If you’re a college student (especially from Clemson), and you’ve just dropped by this blog, let me be clear. I am not old enough to be your mother. If I had married right out of high school and then had a baby, a year later (and only in that order), my child would be 14 now. I don’t need to be humored because of my “advanced age”, because I’m actually about the same age as the graduate students (or their average age, as there’s quite a range of them). And at least one of the Clemson professors knew me when I was little, so I’m actually closer to your age bracket than his.
If you’ve been through my workplace, you will notice that my co-workers call everybody “sweetie” and “baby”, while I either call you “sir”, “ma’am”, or I address you by name (I think I know about 100 of your names). That’s because they’re old enough to be your parent (and therefore, they think of you as kids), while I only use pet names for children under the age of 10 (whom I consider to be kids), my best friends, and my baby brother (who’s 22). I call him “buddy” and “squirt”, but he’s the only one that receives that distinct honor.
A student came through the cafe, this afternoon, carrying a guitar case. Since some other college guitarists have dropped some guitar picks on our floor, recently, I’ve been hoping to offer them to another guitarist who could use them. He was happy to take the donation and stick them in his wallet. Of course, this is why we find them on the floor, because guys always seem to carry them in their wallets, and they fall out when they’re getting their money out. I mentioned this to the student, and then told him that I kept mine in a pocket of my music book.
“Oh, you play an instrument?” he asked me. Hang on, how many instruments use guitar picks, I wondered? Yes, I play guitar… and piano. I didn’t mention the violin, since I haven’t played it since high school. Then I said that I played well enough to “play around the campfire”. I thought that implied some skill, without being too puffed up about it. The response was, “It’s never too late to learn to play and pick up a new skill!”, spoken in a bright and cheery voice.
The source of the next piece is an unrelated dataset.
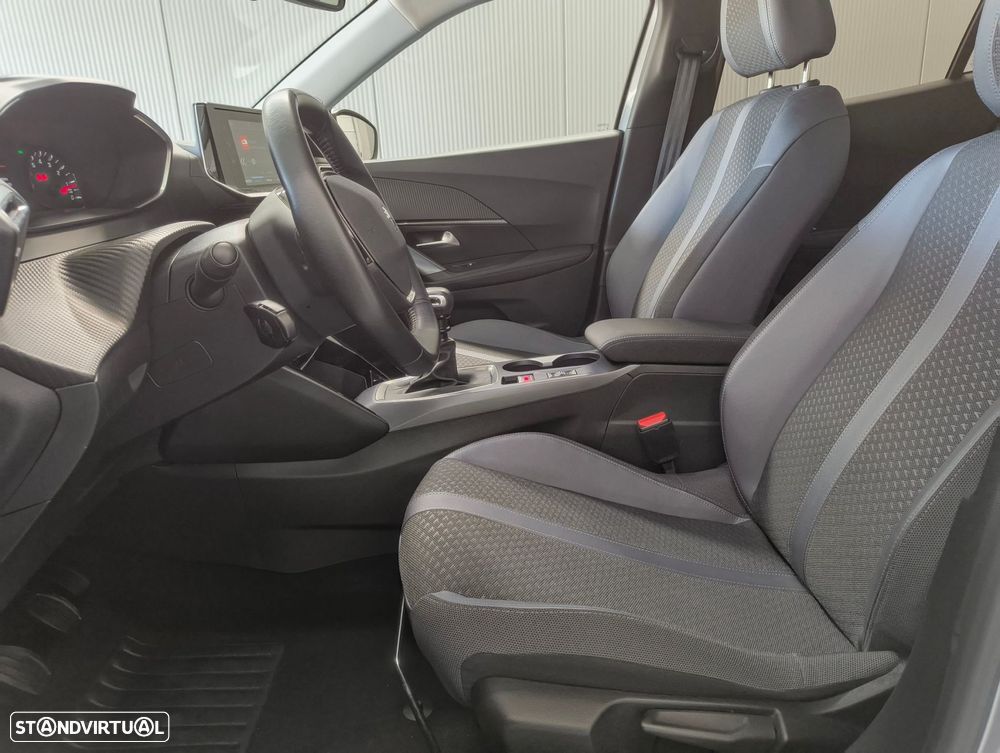 Peugeot 2008 1.2 PureTech Allure - 13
I think I repeated a variation of my campfire comment, slightly more emphatic about it. “That’s great, learn some scales, try some new things!”, he tells me.
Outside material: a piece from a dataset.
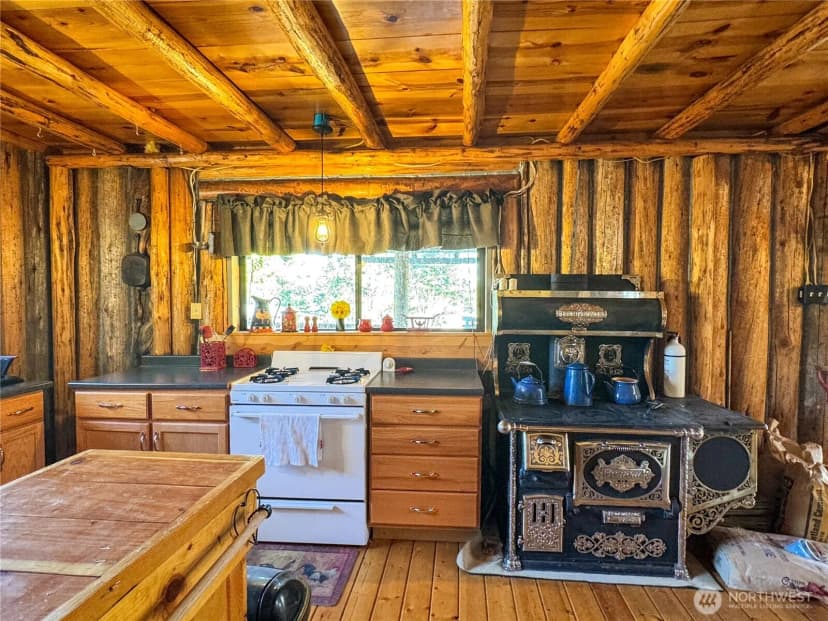 Property photo for 266 Bluebell Lane, Tonasket photo 16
I think I stood there, gaping after him. Or maybe I just thought about gaping. I felt like he’d just patted me on the back, encouraging “grandma” to get out and take up a hobby. I still can’t quite figure out if my intelligence, my age, or my guitar skills got insulted. Don’t get me wrong, I saw the funny side of it, right away, but that didn’t keep me from wanting to tell that kid a few things. : ) Wait, did I just defeat the point of my thesis, by calling him a kid? Hmmm… at least I didn’t call him “sweetie”…
The first time I picked up a guitar, I was 18 years old. That means I’ve been playing for about 14 years now. I spent my teen years collecting Bible camp songs, hoping to learn to play them, someday. Originally, I borrowed my older brother’s guitar (which I don’t think he knows how to play, still), but then my dad brought one home from Indonesia for me. It’s just a Yamaha, but it’s done good by me, all these years. I bought a book of chords, which I still have, and worked my way through my song book, starting with the chords G and C (playing “The Old Rugged Cross”, very slowly). In recent years, I still get tripped up by F#m, if I haven’t practiced enough. That should tell any really good guitarist what my actual skill level is.
Playing that guitar… like with a bicycle, you never forget how, no matter how little you do it. I don’t play very often, but it always comes back to me. My guitar-playing calluses come and go, as I play only a couple of times every year. I rarely wear nail polish and keep my nails short, because sure enough, if they get long, then I’ll want to play. Then I have to cut them back off again, and you can’t have long nails on one hand and short on the other. Alright, I know I can, but I don’t want to, ok?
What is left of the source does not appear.